Even more lined up behind the Lips after 2002’s “Yoshimi,” a similarly ambitious concept album that, given its cosmic metaphors, was a risky follow-up to the landmark “Bulletin.” It was the group’s most commercially successful album yet.

“It does come across a little bit absurd we’re talking about ‘Don’t let the robots eat me,’ and all that, but within that, I think we feel that it’s really about one friend sticking up for another,” says Coyne, who describes the album as a “sunshiny, funeral-esque sort of thing.”

So radical

“At War with the Mystics,” however, is a little (just a little) more direct. It can slide comfortably next to “Bulletin” and “Yoshimi” as the third post-“Zaireeka” Lips album, but it’s also as playful as the earlier work and likely to be defined by its political themes.
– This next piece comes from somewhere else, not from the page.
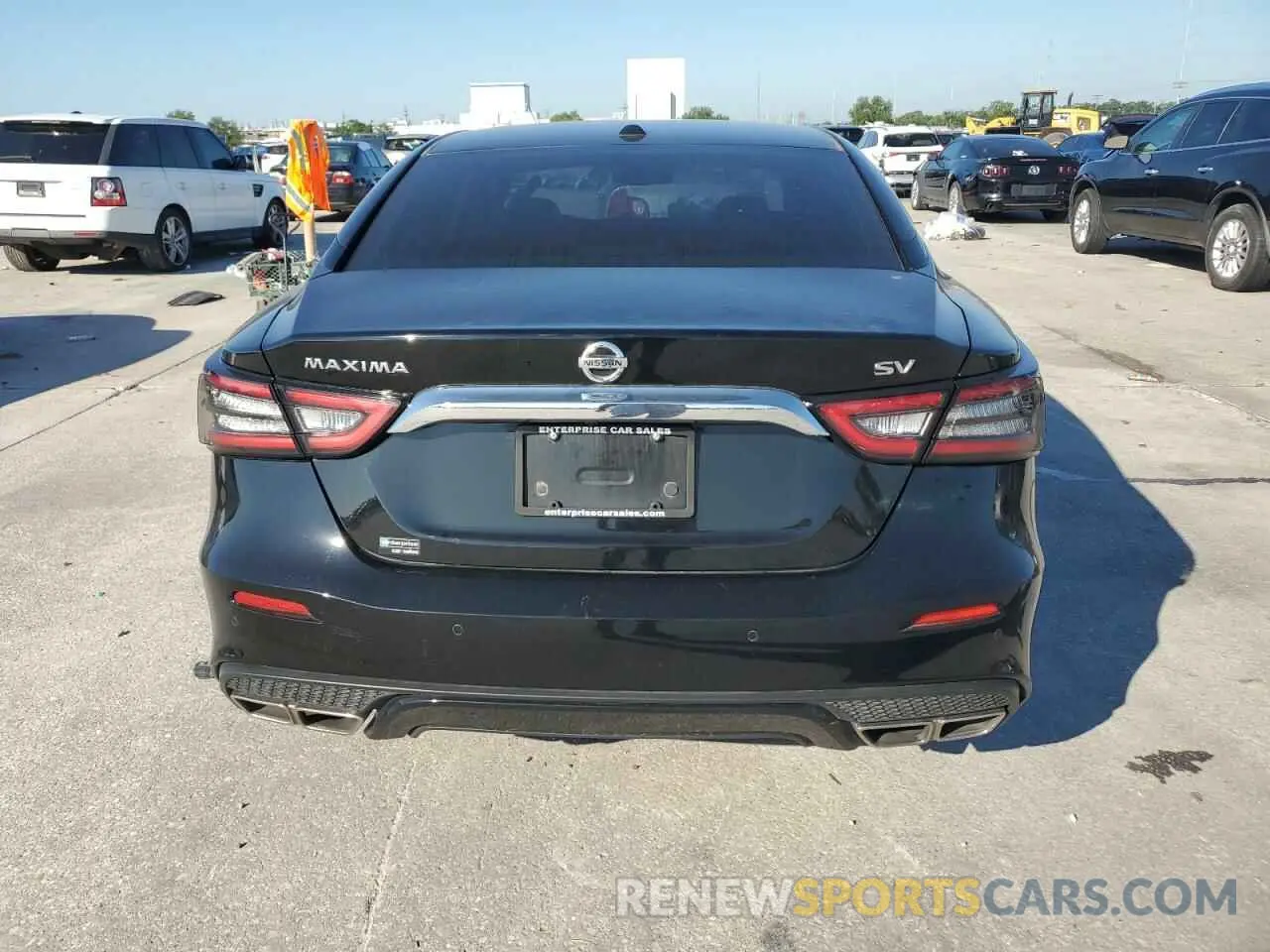 6 Photograph of a damaged car 1N4AA6CV6MC513808 NISSAN MAXIMA 2021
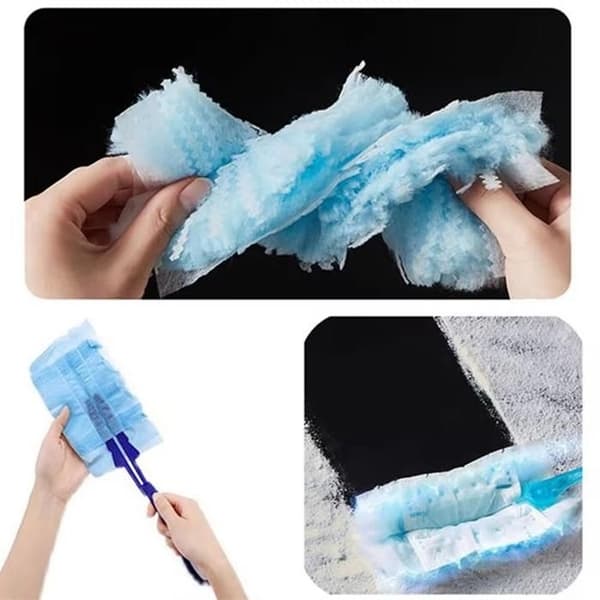 30 stycken dammvippor, engångsdammvippor, kompatibla med SwifferDuster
On “Free Radicals,” Coyne takes aim at George Bush: “You think you’re radical, but you’re not so radical. In fact, you’re fanatical.”

“I don’t think all the record has a radical, political, overthrow-the-government sort of vibe to it, but I think some of it does,” Coyne says. “But I don’t want anyone to think that I really am trying to overthrow the government with our music, or stop the war with our music. That’s just for fools.”

On “Yeah Yeah Yeah Song,” though, Coyne points the finger back at himself, wondering if he could do any better. He sings, “What would you do with all your power?”

One of the disc’s finest songs, “Sound of Failure/It’s Dark … Is it Always this Dark?” is from the perspective of a teenage girl trying to live “from the inside out” after a personal tragedy. It also names Britney Spears and Gwen Stefani as examples of music that doesn’t “know what it means to be dead,” that is, acknowledge the real pain in life.

Coyne, whose mother died during the making of “Mystics,” describes the song as fighting against “that cheerleader mentality of nothing bad can happen to me as long as I’m smiling and dancing.”

“Music that moves you usually comes because something horrible has happened to you. It’s cathartic,” Coyne says. “I think music does that better than almost any other art form because most of our lives are about things that don’t work out.”

In the end, maybe The Flaming Lips aren’t as out of this world as they seem.